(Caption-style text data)

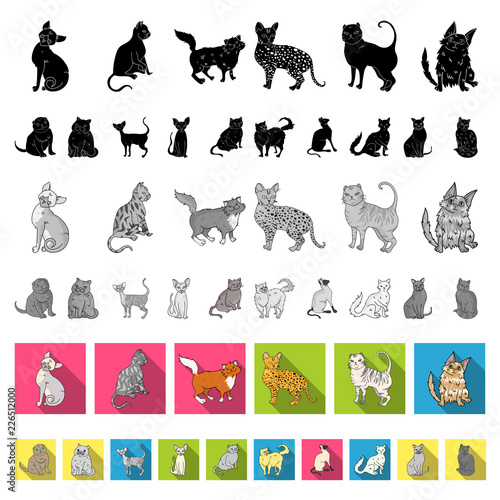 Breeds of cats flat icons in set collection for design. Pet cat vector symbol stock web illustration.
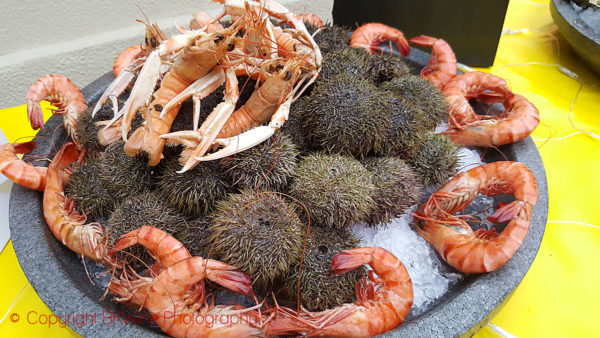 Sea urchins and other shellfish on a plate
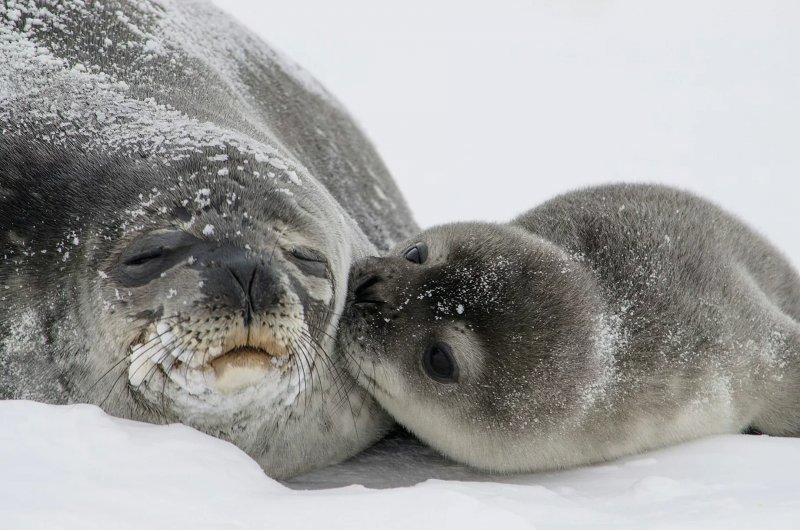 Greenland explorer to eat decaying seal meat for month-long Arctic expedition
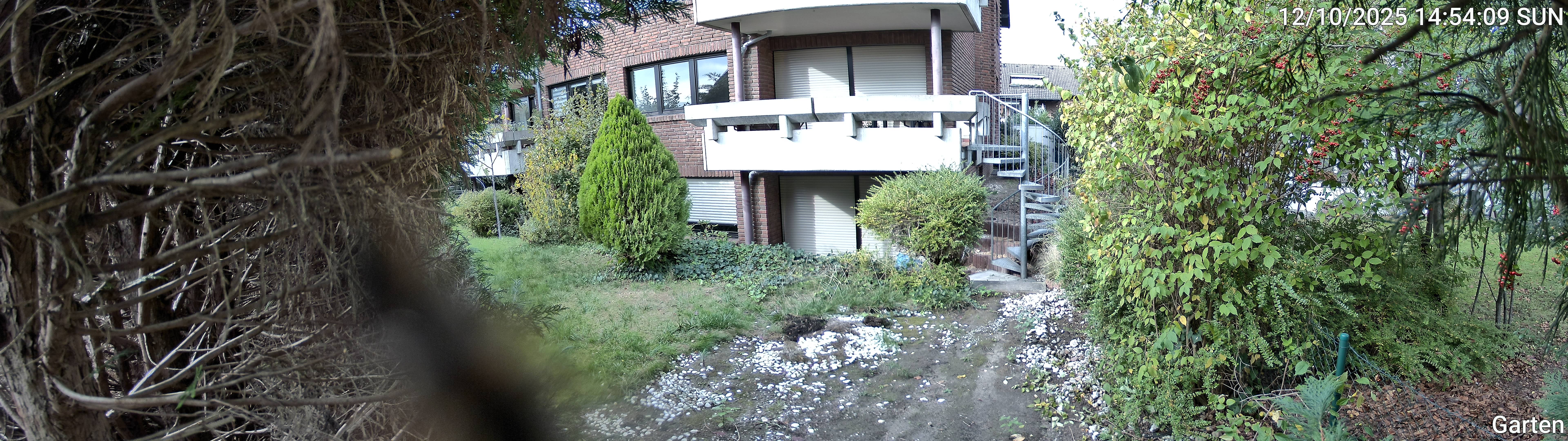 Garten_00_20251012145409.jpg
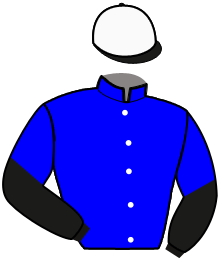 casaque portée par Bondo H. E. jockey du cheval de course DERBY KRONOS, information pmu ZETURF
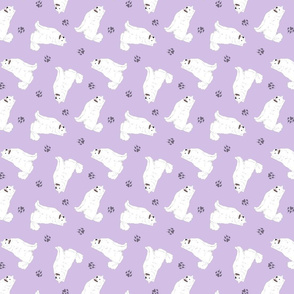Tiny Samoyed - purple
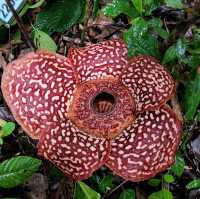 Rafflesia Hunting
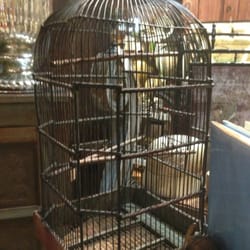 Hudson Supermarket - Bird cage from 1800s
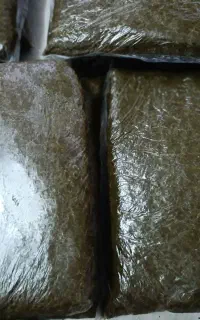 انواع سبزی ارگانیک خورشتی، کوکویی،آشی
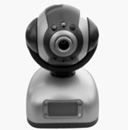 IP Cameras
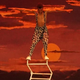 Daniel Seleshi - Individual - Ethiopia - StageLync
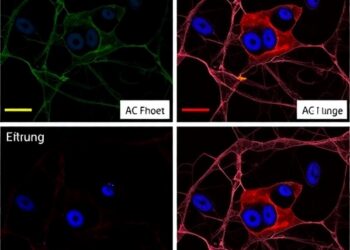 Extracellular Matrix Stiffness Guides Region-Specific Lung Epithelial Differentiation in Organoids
==
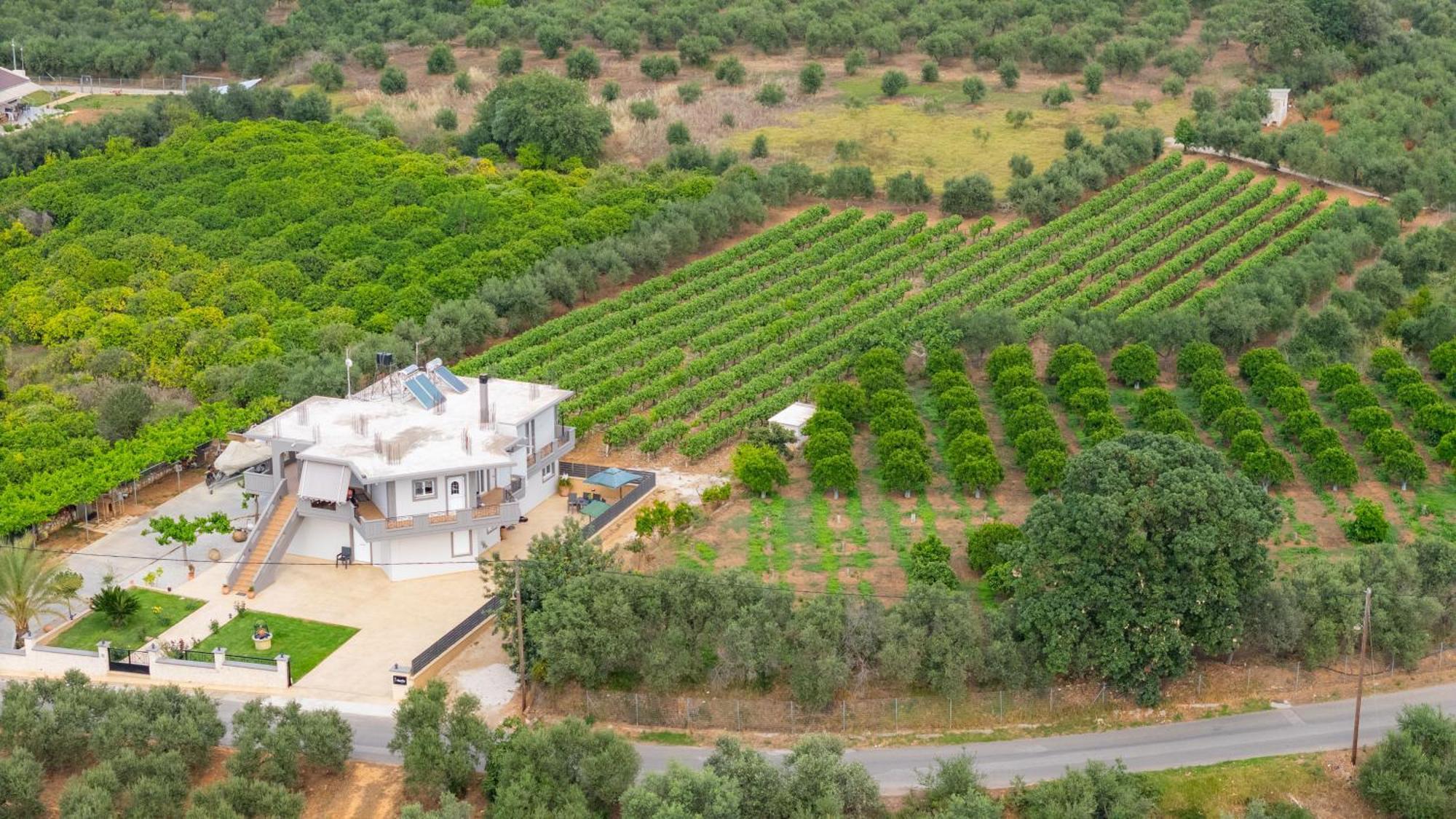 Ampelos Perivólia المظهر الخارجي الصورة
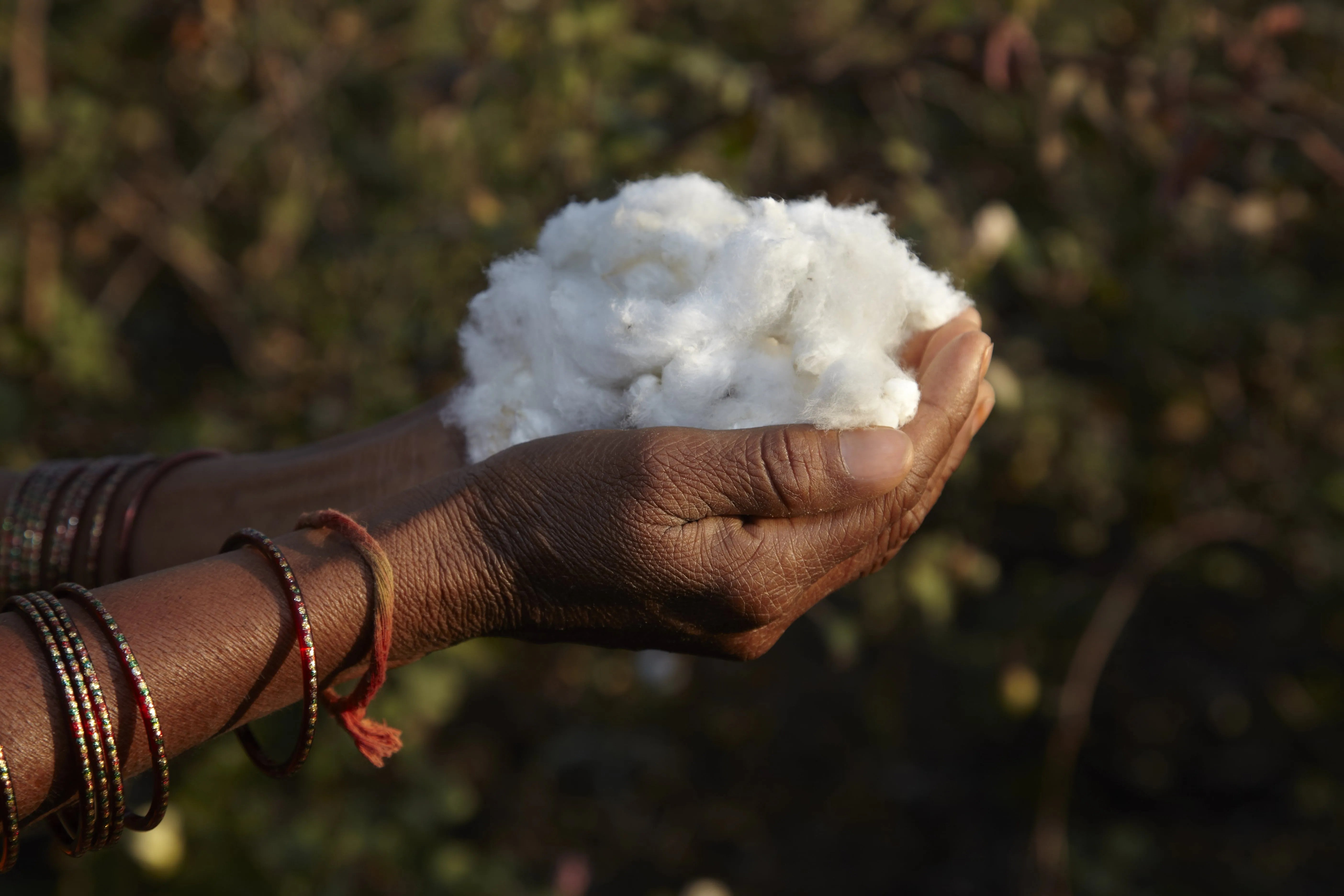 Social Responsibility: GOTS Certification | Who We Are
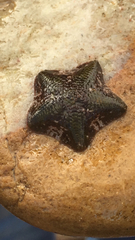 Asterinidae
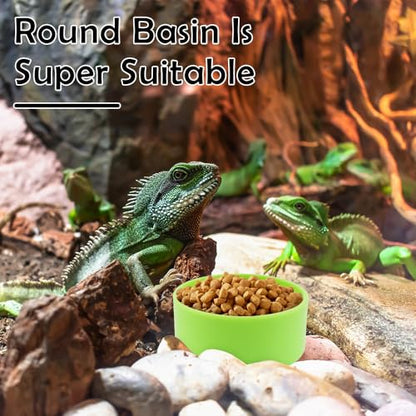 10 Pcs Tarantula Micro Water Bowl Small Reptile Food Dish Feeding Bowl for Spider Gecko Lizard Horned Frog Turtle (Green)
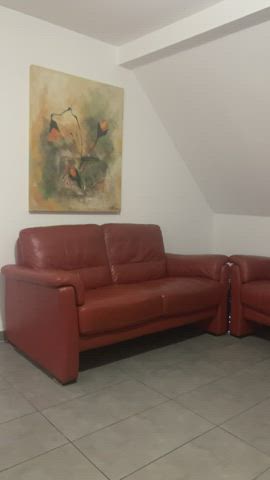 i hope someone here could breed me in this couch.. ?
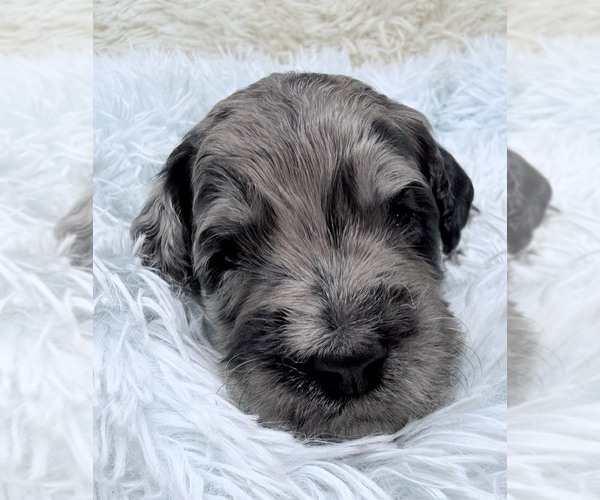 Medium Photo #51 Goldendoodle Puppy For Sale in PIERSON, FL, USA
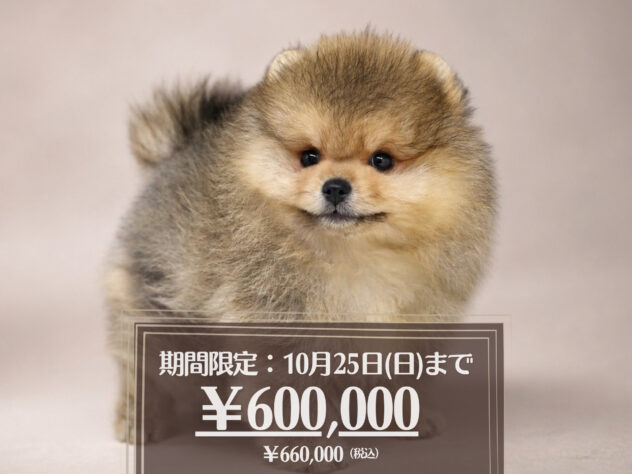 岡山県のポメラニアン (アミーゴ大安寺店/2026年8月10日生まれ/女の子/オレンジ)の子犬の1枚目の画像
--
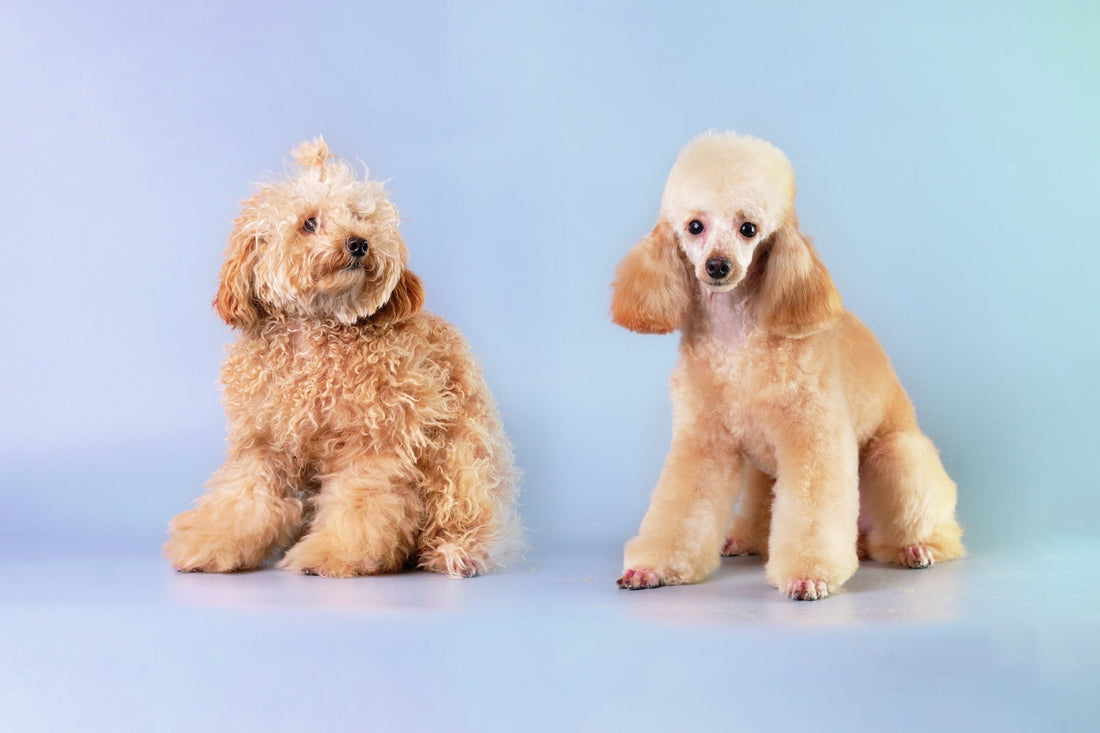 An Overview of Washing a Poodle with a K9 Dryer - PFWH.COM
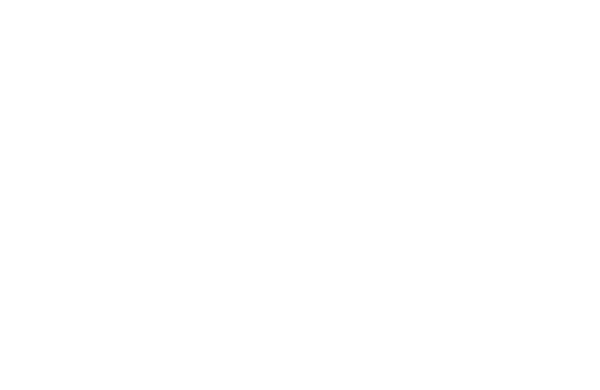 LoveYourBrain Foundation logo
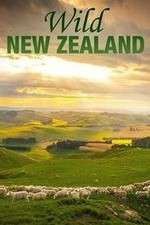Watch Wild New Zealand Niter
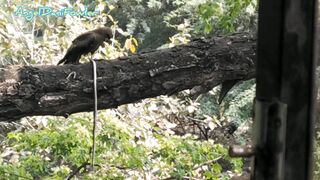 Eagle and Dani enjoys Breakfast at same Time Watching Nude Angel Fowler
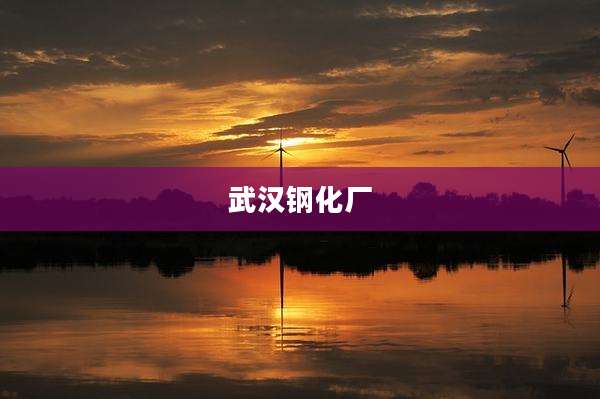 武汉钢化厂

▶ About this exercise
Drop the pictures; return the lines above from the line containing "Breeds of cats" to the line containing "Extracellular Matrix Stiffness", both included, exactly.

▶ Solution for this exercise
 Breeds of cats flat icons in set collection for design. Pet cat vector symbol stock web illustration.
 Sea urchins and other shellfish on a plate
 Greenland explorer to eat decaying seal meat for month-long Arctic expedition
 Garten_00_20251012145409.jpg
 casaque portée par Bondo H. E. jockey du cheval de course DERBY KRONOS, information pmu ZETURF
Tiny Samoyed - purple
 Rafflesia Hunting
 Hudson Supermarket - Bird cage from 1800s
 انواع سبزی ارگانیک خورشتی، کوکویی،آشی
 IP Cameras
 Daniel Seleshi - Individual - Ethiopia - StageLync
 Extracellular Matrix Stiffness Guides Region-Specific Lung Epithelial Differentiation in Organoids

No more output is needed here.